Burcombe parish councillor and Ugford resident Jane Mayhew said: “The speed of traffic through Ugford is the road safety issue most important to residents. Our preferred way to mitigate the dangers would be a 30mph speed limit. We have tried and so far failed to convince Wiltshire Council that this is justified.”
“The recent renewal of the pavement along the A30 west of Ugford is a welcome local improvement but unrelated to this important issue. The decision to renew it was taken by Wiltshire Council, without impetus or funding from the parish council.”
The comment seems to be in contrast to the local Wiltshire councillor’s remarks.
Burcombe PC discussed the request at its meeting on December 9. Wiltshire Council owns the path in question and has maintained one of its assets. Burcombe PC did not contribute to this highway work,” said council clerk Mrs Clare Churchill.
Cllr Bridget Wayman, Cabinet Member for Highways, also local Wiltshire councillor for the area, said: “We’ve had some appreciative comments from the local community about the improved footpath at Ugford which is now safer to walk. The work on the footpath was carried out following a request by Burcombe Parish Council.
“Local communities can request money for schemes through their local area board to be considered by the Community Area Transport Group (CATG). I’d encourage people to put in their requests and they will be considered alongside others with the pot of funding available.”

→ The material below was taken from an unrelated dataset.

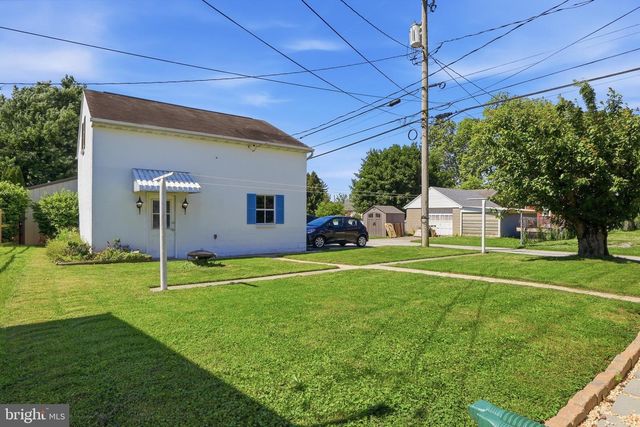 110 FAME AVE, Hanover, PA 17331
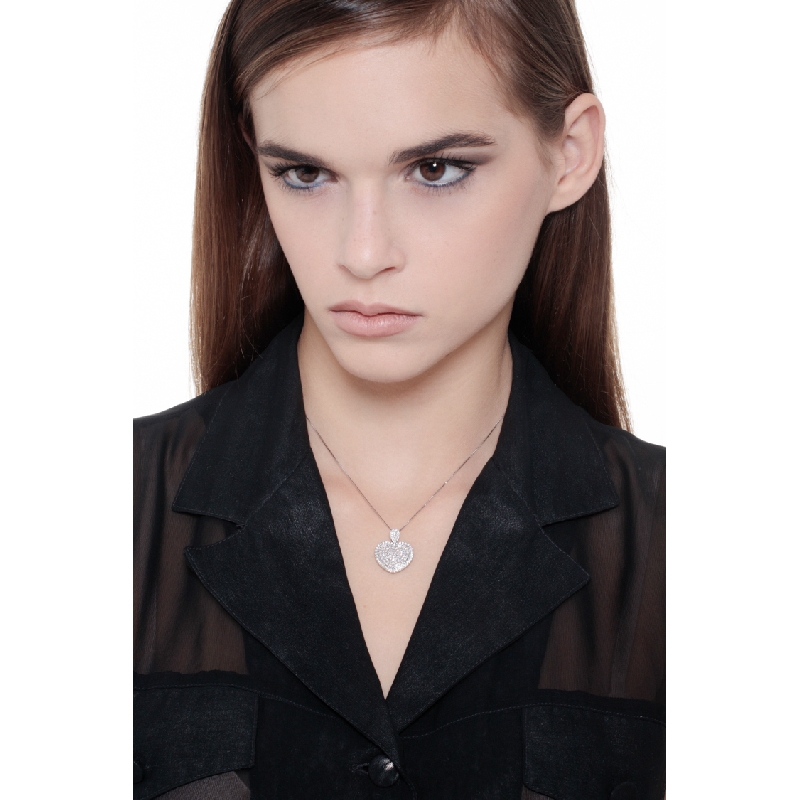 Collana in oro bianco 18k con pendente a cuore in diamanti, ct. 0,78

The cost of the works was £52,000, provided from the general Wiltshire Council maintenance budget.
Wilton town councillor Phil Matthews said the stretch of path was hardly ever used and the work was a waste of money which could have been used to better effect mending potholes and road damage.
Wilton resident Derek McLean said the priority should have been to provide a footpath for Ugford residents to walk to Wilton instead of ‘having to take their lives in their hands walking on the dangerous stretch of highways.’ They had been campaigning for this for many years, he added.
Several Burcombe residents, who have lived in the area for decades, criticised the spending as ‘a complete waste because the path is not used’.